* [Task details]: Find the line containing "kimikabu's tweet photo." in the listing below. Repeat it exactly, along with each following line up to and including the one containing "南城印象 3室1厅1卫 2100.0元/月 南城印象".

* [Supplied material]:
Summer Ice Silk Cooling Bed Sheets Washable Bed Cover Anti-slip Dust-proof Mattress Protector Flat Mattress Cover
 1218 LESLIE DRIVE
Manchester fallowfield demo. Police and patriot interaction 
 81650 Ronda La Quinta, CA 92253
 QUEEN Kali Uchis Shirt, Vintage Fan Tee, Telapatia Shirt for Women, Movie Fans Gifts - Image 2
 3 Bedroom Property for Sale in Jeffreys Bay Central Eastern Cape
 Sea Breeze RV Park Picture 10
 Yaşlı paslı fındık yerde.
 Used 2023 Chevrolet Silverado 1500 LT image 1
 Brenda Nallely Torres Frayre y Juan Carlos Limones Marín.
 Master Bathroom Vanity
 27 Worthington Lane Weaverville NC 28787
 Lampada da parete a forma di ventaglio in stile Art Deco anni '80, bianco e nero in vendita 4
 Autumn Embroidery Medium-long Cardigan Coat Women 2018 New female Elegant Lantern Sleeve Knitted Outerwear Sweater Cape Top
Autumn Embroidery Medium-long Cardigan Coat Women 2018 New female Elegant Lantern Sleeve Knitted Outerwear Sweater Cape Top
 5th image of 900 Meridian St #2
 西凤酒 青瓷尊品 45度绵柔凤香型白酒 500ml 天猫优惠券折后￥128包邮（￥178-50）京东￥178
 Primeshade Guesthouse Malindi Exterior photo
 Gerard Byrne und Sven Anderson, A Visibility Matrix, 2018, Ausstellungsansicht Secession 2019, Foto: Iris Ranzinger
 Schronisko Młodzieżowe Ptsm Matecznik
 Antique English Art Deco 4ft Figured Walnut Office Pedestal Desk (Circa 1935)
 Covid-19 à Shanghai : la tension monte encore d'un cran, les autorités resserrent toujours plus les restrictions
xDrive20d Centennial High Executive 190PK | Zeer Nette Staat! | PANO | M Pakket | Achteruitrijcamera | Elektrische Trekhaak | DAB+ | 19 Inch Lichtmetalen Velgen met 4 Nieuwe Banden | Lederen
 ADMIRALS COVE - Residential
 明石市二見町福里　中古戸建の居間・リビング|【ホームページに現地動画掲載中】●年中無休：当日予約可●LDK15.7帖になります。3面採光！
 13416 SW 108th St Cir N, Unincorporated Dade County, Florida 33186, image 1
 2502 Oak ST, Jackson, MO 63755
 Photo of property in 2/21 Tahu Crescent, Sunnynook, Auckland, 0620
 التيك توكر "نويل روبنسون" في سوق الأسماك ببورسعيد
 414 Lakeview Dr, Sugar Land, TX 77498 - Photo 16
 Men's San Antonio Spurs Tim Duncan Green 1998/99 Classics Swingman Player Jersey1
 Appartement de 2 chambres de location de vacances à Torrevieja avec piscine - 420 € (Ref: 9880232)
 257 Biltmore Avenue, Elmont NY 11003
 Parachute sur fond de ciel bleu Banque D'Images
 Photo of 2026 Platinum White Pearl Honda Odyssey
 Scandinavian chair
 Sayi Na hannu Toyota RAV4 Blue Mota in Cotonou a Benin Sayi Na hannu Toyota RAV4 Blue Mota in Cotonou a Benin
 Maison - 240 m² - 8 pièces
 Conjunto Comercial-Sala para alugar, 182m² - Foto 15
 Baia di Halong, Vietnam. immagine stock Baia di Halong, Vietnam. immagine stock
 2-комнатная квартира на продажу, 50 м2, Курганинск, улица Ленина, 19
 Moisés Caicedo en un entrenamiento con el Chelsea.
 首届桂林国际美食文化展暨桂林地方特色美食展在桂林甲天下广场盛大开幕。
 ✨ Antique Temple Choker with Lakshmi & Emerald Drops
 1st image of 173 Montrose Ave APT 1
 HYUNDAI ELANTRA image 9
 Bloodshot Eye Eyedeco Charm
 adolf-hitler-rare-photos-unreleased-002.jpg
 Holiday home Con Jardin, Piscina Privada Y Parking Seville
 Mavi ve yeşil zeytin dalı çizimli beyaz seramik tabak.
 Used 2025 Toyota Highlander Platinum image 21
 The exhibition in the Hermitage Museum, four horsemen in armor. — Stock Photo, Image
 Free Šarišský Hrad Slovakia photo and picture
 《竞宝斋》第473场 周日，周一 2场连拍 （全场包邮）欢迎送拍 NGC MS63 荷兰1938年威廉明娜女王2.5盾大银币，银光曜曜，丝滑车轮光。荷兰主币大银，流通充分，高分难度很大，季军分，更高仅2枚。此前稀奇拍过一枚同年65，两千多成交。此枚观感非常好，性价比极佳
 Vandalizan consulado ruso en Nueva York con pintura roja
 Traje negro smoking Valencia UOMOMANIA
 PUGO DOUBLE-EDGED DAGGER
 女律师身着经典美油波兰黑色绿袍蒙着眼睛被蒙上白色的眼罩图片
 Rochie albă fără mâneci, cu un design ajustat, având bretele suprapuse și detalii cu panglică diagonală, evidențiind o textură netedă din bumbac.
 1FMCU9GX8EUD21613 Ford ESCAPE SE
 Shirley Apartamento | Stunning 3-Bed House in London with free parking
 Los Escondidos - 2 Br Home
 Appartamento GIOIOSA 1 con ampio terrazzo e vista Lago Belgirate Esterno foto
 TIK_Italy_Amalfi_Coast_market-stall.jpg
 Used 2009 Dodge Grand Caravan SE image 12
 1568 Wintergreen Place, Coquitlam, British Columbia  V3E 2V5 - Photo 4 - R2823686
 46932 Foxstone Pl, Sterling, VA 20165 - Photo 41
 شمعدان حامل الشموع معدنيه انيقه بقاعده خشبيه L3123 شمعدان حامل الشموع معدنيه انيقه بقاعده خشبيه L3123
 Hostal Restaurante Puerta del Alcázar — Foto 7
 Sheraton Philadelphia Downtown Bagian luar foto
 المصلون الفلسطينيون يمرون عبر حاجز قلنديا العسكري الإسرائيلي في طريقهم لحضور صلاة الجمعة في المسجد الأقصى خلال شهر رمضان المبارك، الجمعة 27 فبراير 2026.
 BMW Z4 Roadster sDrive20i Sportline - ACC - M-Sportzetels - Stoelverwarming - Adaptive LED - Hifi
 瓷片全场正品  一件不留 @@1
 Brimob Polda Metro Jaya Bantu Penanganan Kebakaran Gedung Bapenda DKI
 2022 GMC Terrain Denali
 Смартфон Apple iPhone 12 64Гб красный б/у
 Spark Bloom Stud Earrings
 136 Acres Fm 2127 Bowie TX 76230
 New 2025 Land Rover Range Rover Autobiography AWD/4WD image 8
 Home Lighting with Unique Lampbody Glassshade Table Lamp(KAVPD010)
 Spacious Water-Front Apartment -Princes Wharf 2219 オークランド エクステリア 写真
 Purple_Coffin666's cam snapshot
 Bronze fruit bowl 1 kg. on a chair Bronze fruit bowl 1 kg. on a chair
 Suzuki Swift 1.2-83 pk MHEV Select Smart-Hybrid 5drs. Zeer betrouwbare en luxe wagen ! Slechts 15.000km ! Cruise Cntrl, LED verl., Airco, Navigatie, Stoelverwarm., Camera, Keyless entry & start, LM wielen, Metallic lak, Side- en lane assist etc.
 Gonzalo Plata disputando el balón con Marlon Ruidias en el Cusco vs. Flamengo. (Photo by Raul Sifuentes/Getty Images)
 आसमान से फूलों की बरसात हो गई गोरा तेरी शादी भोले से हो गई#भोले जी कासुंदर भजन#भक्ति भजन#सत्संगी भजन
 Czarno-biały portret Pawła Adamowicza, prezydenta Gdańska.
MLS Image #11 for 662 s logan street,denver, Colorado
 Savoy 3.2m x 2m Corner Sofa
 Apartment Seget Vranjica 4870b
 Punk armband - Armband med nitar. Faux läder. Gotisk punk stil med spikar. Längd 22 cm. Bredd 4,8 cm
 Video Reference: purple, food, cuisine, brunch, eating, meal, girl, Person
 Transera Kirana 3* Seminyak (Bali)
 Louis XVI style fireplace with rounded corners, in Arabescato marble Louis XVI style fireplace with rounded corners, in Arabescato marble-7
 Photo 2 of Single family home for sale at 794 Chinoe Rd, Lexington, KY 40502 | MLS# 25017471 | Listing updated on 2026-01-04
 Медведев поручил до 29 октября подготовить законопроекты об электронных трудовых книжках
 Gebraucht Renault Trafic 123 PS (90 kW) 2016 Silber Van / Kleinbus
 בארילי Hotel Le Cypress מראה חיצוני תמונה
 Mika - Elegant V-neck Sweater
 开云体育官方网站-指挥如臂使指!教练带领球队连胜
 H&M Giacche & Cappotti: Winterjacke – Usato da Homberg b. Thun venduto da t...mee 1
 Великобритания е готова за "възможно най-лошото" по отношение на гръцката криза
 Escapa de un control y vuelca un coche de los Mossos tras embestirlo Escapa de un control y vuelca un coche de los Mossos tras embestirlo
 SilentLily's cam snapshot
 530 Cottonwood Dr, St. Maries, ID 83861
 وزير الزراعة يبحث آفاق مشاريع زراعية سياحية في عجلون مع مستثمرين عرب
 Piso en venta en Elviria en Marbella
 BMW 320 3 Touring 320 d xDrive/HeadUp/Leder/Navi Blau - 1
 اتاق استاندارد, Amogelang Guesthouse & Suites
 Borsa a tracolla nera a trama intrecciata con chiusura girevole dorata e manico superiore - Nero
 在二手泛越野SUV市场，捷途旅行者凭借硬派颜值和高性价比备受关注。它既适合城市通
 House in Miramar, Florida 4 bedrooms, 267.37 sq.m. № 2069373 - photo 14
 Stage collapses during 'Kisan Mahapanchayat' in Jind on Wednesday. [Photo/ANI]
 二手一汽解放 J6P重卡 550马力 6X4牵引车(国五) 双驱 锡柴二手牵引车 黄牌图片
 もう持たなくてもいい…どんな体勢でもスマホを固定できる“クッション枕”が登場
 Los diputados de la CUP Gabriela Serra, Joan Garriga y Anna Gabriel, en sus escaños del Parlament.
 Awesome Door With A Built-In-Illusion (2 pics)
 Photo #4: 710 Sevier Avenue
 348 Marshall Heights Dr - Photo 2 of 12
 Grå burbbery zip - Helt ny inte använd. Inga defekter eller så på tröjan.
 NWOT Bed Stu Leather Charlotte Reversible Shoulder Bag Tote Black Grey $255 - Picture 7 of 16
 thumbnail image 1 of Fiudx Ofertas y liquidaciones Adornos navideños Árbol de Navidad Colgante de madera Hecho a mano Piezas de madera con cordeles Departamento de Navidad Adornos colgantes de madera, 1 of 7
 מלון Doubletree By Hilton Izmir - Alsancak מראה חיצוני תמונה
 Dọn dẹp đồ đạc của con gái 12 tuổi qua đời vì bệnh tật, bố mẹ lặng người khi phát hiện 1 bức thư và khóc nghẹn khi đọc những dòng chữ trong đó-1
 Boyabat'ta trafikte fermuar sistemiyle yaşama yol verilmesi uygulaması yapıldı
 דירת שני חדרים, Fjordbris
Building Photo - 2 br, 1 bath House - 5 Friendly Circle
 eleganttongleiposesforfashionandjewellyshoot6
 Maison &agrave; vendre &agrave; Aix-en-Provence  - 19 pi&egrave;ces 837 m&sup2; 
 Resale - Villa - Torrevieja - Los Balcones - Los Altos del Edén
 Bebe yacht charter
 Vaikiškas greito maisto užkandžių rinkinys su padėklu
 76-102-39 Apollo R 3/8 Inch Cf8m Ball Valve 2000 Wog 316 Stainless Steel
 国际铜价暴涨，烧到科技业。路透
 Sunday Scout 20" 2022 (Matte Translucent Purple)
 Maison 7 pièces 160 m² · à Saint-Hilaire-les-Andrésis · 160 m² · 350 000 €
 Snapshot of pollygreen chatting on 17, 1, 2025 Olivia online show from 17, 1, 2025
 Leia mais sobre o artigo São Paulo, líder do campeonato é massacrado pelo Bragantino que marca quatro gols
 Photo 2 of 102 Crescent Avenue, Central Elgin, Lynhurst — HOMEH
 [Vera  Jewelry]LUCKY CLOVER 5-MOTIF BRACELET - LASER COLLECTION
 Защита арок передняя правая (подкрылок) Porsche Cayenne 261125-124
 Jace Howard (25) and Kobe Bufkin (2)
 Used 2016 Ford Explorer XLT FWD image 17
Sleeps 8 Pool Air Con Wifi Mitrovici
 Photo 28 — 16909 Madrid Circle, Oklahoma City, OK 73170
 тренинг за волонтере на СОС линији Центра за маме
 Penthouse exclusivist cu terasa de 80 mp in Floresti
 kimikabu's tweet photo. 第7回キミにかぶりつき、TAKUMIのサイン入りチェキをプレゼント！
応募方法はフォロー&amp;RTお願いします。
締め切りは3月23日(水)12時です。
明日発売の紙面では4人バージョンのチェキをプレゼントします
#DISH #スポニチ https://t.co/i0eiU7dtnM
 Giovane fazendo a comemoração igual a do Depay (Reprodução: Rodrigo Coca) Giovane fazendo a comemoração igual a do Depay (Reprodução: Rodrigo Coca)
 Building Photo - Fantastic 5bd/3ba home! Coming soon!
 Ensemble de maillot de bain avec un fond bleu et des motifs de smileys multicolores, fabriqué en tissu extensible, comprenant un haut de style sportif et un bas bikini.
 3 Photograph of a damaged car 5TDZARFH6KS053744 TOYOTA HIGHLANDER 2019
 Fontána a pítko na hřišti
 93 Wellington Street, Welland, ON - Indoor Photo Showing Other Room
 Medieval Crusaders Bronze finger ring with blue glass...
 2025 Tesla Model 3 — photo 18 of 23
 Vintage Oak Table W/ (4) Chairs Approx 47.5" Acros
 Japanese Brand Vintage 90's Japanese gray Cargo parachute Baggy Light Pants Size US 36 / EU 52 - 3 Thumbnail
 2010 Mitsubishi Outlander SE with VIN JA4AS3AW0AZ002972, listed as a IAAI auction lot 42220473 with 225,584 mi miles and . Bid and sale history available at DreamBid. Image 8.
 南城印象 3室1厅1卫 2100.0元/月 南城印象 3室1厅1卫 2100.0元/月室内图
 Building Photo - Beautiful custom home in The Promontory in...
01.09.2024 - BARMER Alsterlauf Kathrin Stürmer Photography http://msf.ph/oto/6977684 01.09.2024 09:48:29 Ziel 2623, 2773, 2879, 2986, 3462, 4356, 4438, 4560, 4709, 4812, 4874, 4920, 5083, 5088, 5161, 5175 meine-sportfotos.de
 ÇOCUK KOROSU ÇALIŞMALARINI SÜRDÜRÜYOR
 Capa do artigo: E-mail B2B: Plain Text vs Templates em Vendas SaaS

* [Exercise solution]:
 kimikabu's tweet photo. 第7回キミにかぶりつき、TAKUMIのサイン入りチェキをプレゼント！
応募方法はフォロー&amp;RTお願いします。
締め切りは3月23日(水)12時です。
明日発売の紙面では4人バージョンのチェキをプレゼントします
#DISH #スポニチ https://t.co/i0eiU7dtnM
 Giovane fazendo a comemoração igual a do Depay (Reprodução: Rodrigo Coca) Giovane fazendo a comemoração igual a do Depay (Reprodução: Rodrigo Coca)
 Building Photo - Fantastic 5bd/3ba home! Coming soon!
 Ensemble de maillot de bain avec un fond bleu et des motifs de smileys multicolores, fabriqué en tissu extensible, comprenant un haut de style sportif et un bas bikini.
 3 Photograph of a damaged car 5TDZARFH6KS053744 TOYOTA HIGHLANDER 2019
 Fontána a pítko na hřišti
 93 Wellington Street, Welland, ON - Indoor Photo Showing Other Room
 Medieval Crusaders Bronze finger ring with blue glass...
 2025 Tesla Model 3 — photo 18 of 23
 Vintage Oak Table W/ (4) Chairs Approx 47.5" Acros
 Japanese Brand Vintage 90's Japanese gray Cargo parachute Baggy Light Pants Size US 36 / EU 52 - 3 Thumbnail
 2010 Mitsubishi Outlander SE with VIN JA4AS3AW0AZ002972, listed as a IAAI auction lot 42220473 with 225,584 mi miles and . Bid and sale history available at DreamBid. Image 8.
 南城印象 3室1厅1卫 2100.0元/月 南城印象 3室1厅1卫 2100.0元/月室内图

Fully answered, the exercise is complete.